You really should be congratulating yourself for taking back control of your life. You've been working so hard to try and put your marriage back together. Your strength will get stronger and although you feel like your busted right into a million pieces, those pieces will find a way to glue themselves back together and b4 you know it you'll be complete again. Focus on those kids, continue to make them your first priority. They'll help you get through this.


----------



## sillky717 (Apr 2, 2008)

you will get through this just take it one day at a time. the first sign is when you realize you actually smiled without faking for the kids sake. easier said than done but try going one hour a day without thinking about the hurt before you know it you wont even have to try
best of the best for you.


----------



## Owen (Apr 10, 2008)

The part that blows me away with people like your ex husband is how is his new love interest ever going to trust him. Their relationship is based entirely on cheating. He will cheat on her and even if he didnt she will never trust him. He will get his due. What comes around goes around.


----------



## believer (Apr 22, 2008)

Mumofthree - hope you are haning in there & know in your heart that the decision you made was the right one. Hopefully things are getting easier & you are adjusting to you new life.

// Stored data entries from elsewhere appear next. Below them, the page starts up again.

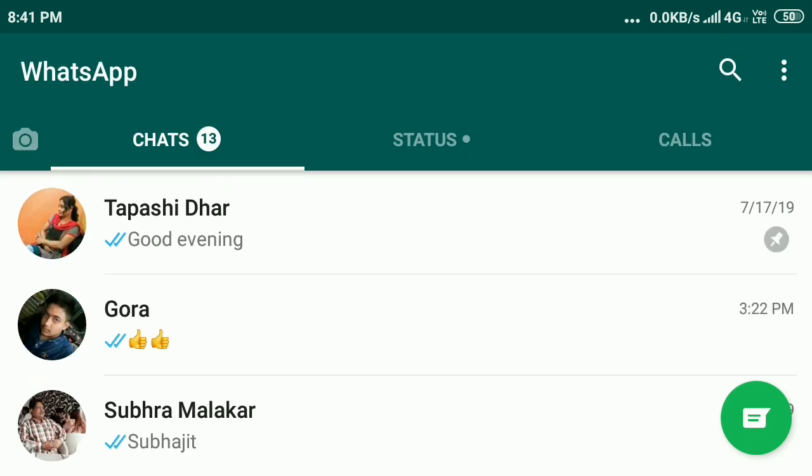Your chat will appear in the top section, and you will see the pin option on the right corner. If you want to unpin this person again, tap and hold.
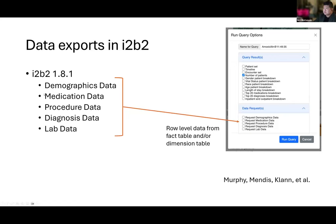All of these types of data exports — medications, procedures, and so forth — are customizable and can be defined by the admin at your site. They translate to SQL queries with variables that capture references to the query being run. Essentially, these are customizable at your site, so you don't have to offer some of these data exports or you can offer additional ones. That's out now — you can actually download 1.8.1.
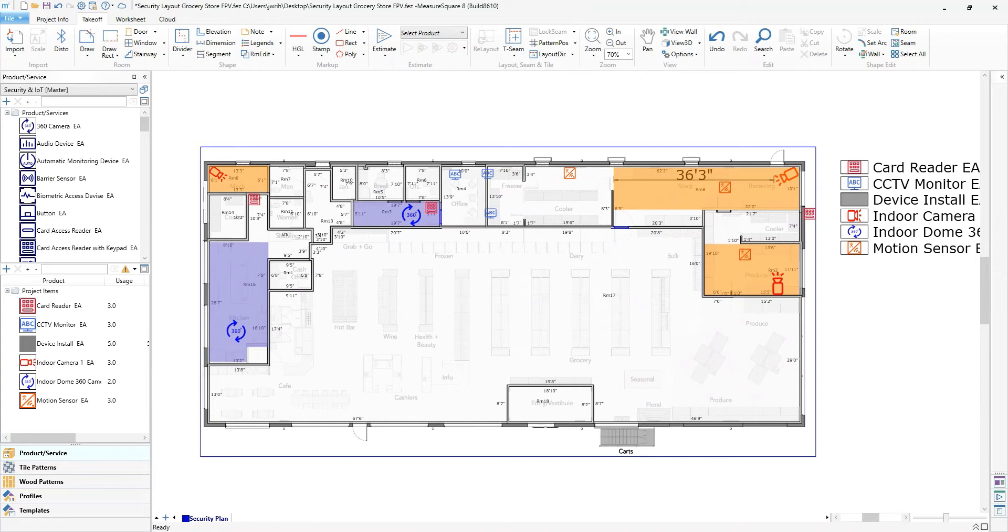The advantage of placing them directly on a floor plan image without drawing the rooms first is that you can create the security layout and bid in a matter of minutes, which is great if you don't have much time on location.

Someone was mentioning "strikes" - would like some thoughts on my husbands strikes
found out having an affair when I was pregnant with 2nd child but took 2 months to admit the truth.
he was very undecided during that time if he should stay or go. He got the other woman pregnant after he decided to "stay" & work on us. 
I didn't find the pregnancy part out until my daughter was 2 months. (2/06)
Found out 1/5 years later (8/07)of a sexual encounter between the him & the other woman around from (2/06).
Since the 2/06 things have seemed to be improving but when I found out in 8/06 - I was very upset & started seriously thinking divorce/seperation. We are curerntly seperated until I can decide what I want to do.
I left out many details but that's my situation in a nutshell - Any comments . . . 
Does he deserve another "chance"?


----------